Page last updated at 16:45 GMT, Wednesday, 12 November 2008

Glass makers hit with huge fine

SMashed windscreen
The European car glass cartel has been smashed

Four car glass makers have been hit with the European Commission's largest cartel fine after being found guilty of "cheating" car buyers.

Asahi Glass, Pilkington, Saint-Gobain and Soliver have been ordered to pay 1.38bn euros (1.14bn; $1.73bn).

Saint-Gobain alone was fined 896m euros after repeat offences. It said the fine was "excessive and disproportionate".

Asahi and Pilkington said they would decide what action to take once they had seen the full text of the decision.

The fine handed down to Saint-Gobain represents the biggest single cartel fine imposed on an individual company.

Manipulating the market

The companies were penalised for illegal market-sharing and exchanging commercially sensitive information.

The Commission found that they held regular discussions between 1998 and 2003 to allocate glass supplies to car manufacturers and keep their individual market shares as stable as possible.

Competition Commissioner Neelie Kroes said: "These companies cheated the car industry and car buyers for five years. The Commission has imposed such high fines because it cannot and will not tolerate such illegal behaviour."

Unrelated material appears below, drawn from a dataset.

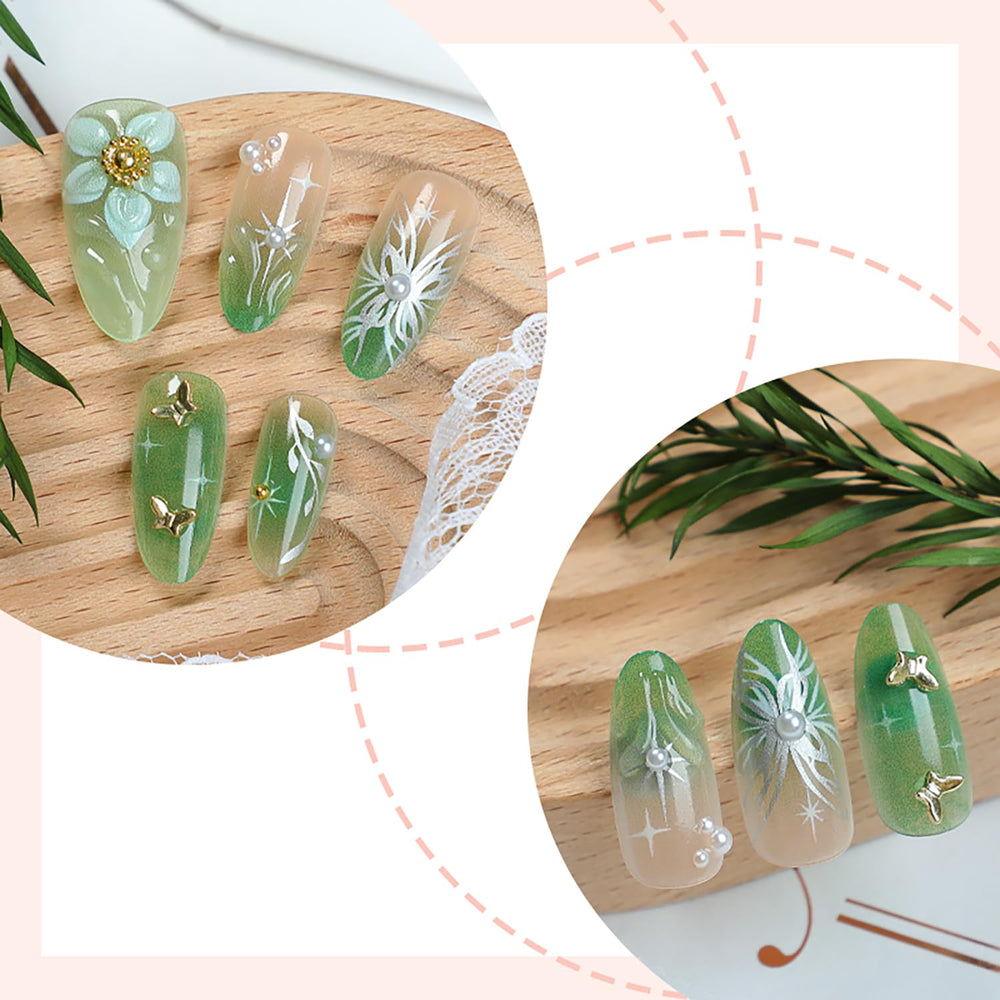 NZRAESTRS uñas postizas con 3D flores y perlas para un estilo de primavera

The four companies control 90% of the glass used for new cars in the European Economic Area, a market that was worth 2bn euros in the last full year of the infringement.

Court of appeal

Saint-Gobain said that it intends to appeal against the Commission's decision in the Luxembourg Court of First Instance, despite the fact that it has yet to receive the exact terms of the Commission's findings.

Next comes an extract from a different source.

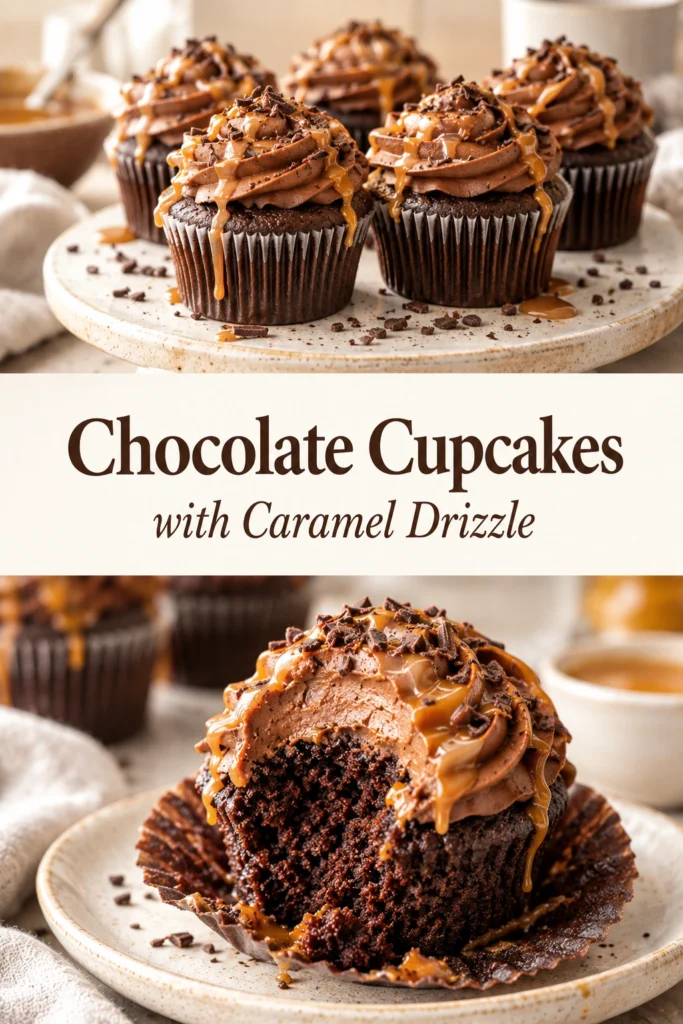 Three chocolate cupcakes topped with swirls of dark chocolate frosting and a drizzle of golden caramel sauce.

The company had already set aside 560m euros, some way short of the actual fine of 896m euros.

It said the fine represented about 95% of the annual sales of Saint-Gobain's Original Equipment Manufacturer (OEM) automotive glass business in Europe, and "several decades' net income".

Financial impact

A statement from Pilkington said that the company had already made provisions of 250m for its fine. This falls some way short of the actual 377m euro (310m) fine.

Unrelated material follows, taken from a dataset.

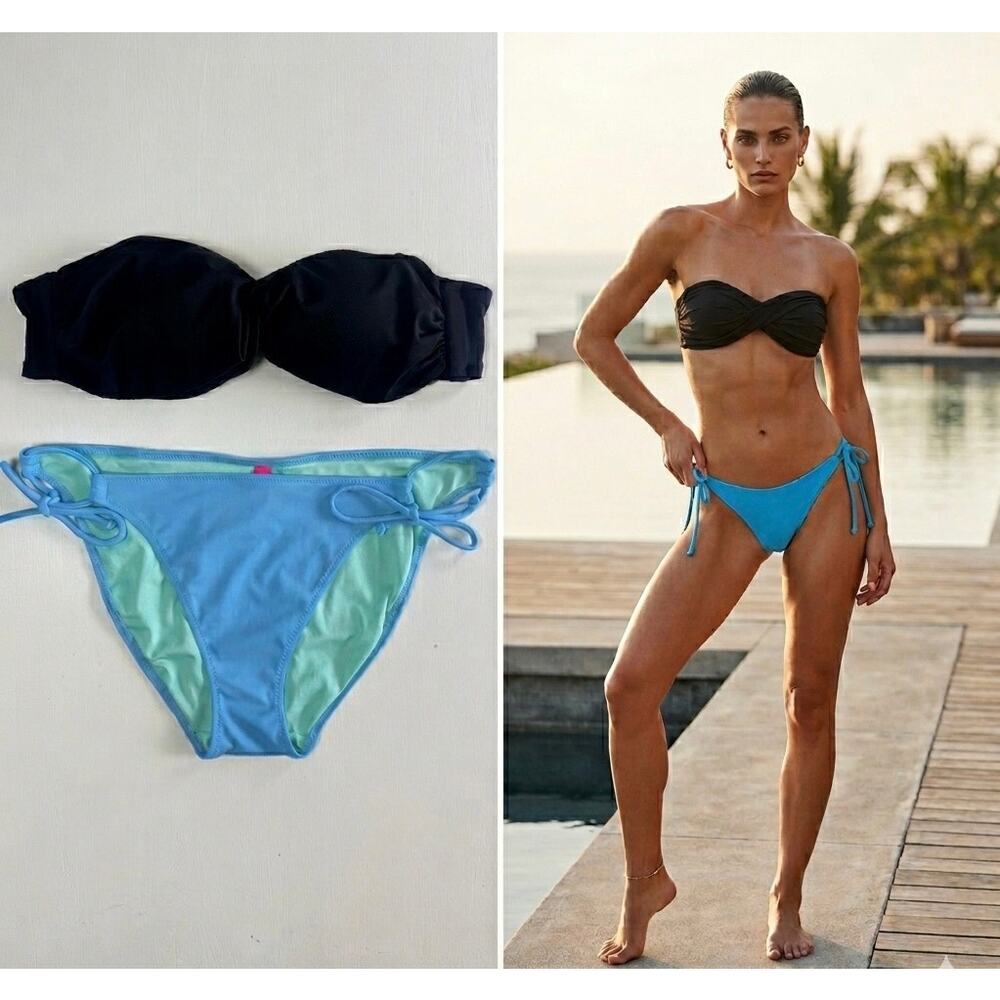 Gianni Bini Twisted Bandeau Tops & Victoria's Secret String Bottoms Set Medium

This will result in a loss of 60m that will be recognised as an extraordinary item in the income statement for the second quarter of the current financial year.

However, the company said it would "examine the decision and decide on future action, including a possible appeal".

Similarly, Asahi Glass said that it would decide what action to take once it had received the full text of the Commission's decision.